From the Southwest Patch your online source on up to date news in the area:
http://southwestminneapolis.patch.com/
Last weekend, a team of three recent grads from Southwest High School and one Robbinsdale's Armstrong High School took second place in what's surely one of the most unusual five-kilometer road races Minneapolis has ever seen.
In this madcap dash across downtown, Gus Price, Sam Hills, Matt Dole and Ryan Heltemes didn't even know what the course would be. Instead, they and the other 90 teams taking part in the Challenge Nation Urban Scavenger Race were given a set of 12 brain-twisting clues and tasks that had to be completed before they crossed the finish line.
"It was a lot of fun," Hills told Patch on Tuesday, while trying to hold back his laughter. "One minute you're sprinting like crazy and the next you're chatting up strangers and getting people at a bus stop to jump into the air all at once, while we took a picture."
Believe it or not, Hills said, trying to organize strangers into peculiar group photos, while panting and dripping with sweat in the searing heat is not as awkward as you'd think.
"People were surprisingly willing to help us out," he said.
The least cooperative was a police officer filling out paperwork in his parked cruiser. Desperate for directions to a particular fire station, Hills walked up to the front passenger door.
Pasting on his brightest smile, Hills rapped on the door and asked how to get to the station in question. The officer, Hills said, frowned and buried his nose in his papers, probably sick of questions from members of the 90 other teams combing downtown that Sunday.
"He deliberately tried to ignore us, but I wouldn't stop nocking—or smiling," Hills said with a laugh. "Finally he gave up."
But they weren't just up against the clock and Challenge Nation's puzzlemasters. Just as Hills, Heltemes, Dole, and Price were stepping away from the cruiser, they saw a group of other racers lurking nearby, watching their move and waiting to tail them.

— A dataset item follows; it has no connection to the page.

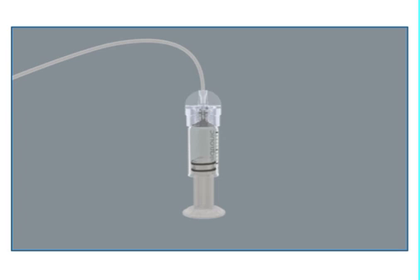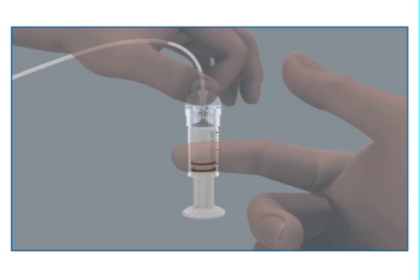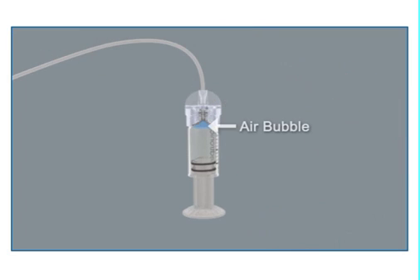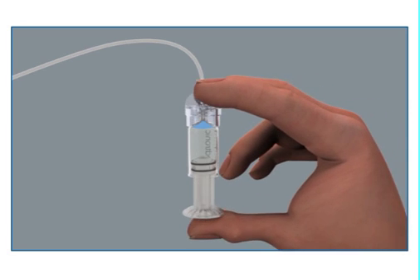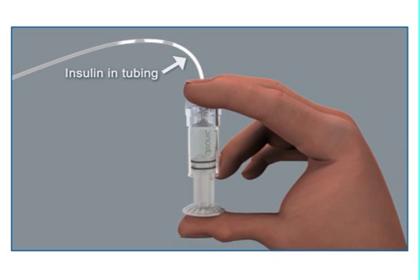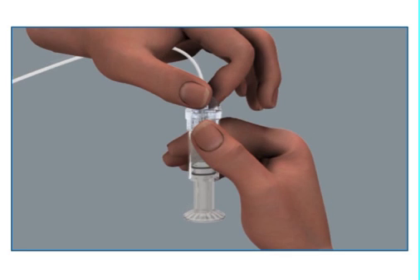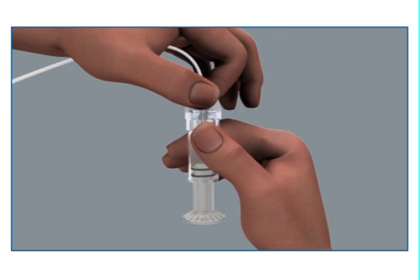You should not have the infusion set inserted into the body when doing this step. Tap the reservoir to make any air bubbles rise to the top. Purge the air bubbles by slowly pushing up on the plunger until all of the air bubbles have been pushed out and you see insulin in the tubing. If you are not able to push insulin into the tubing, disconnect the tubing connector and then reconnect it.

"We were like 'Aaah! Run way from the other teams,'" Hills said.
This same scene played itself out one other time as the team coursed through downtown. Trying to dodge another pack who they suspected of piggybacking off of their breakthroughs, Hills and the others pounded around a corner—and over a 12-foot wall. Good thing all four used to be successful athletes at Southwest.
"As we were going into it, we didn't expect the event to be nearly as big as it was," Hills said. "We imagined it as a random gathering of people, who wouldn't take it too seriously."
In the end, they finished this concrete scavenger hunt-cum-steplechase in a hair over an hour, winning second place and a $100 bill. The next day, it was back to their day jobs at Southwest's Super Summer program, and then back to college in the fall, but Hills said he hopes to reunite the team for another try in summers to come.
Thanks to reader/blogger Mary Ann Schoenberger for tipping us off to the cool stuff her son Sam and his friends were getting up to this summer.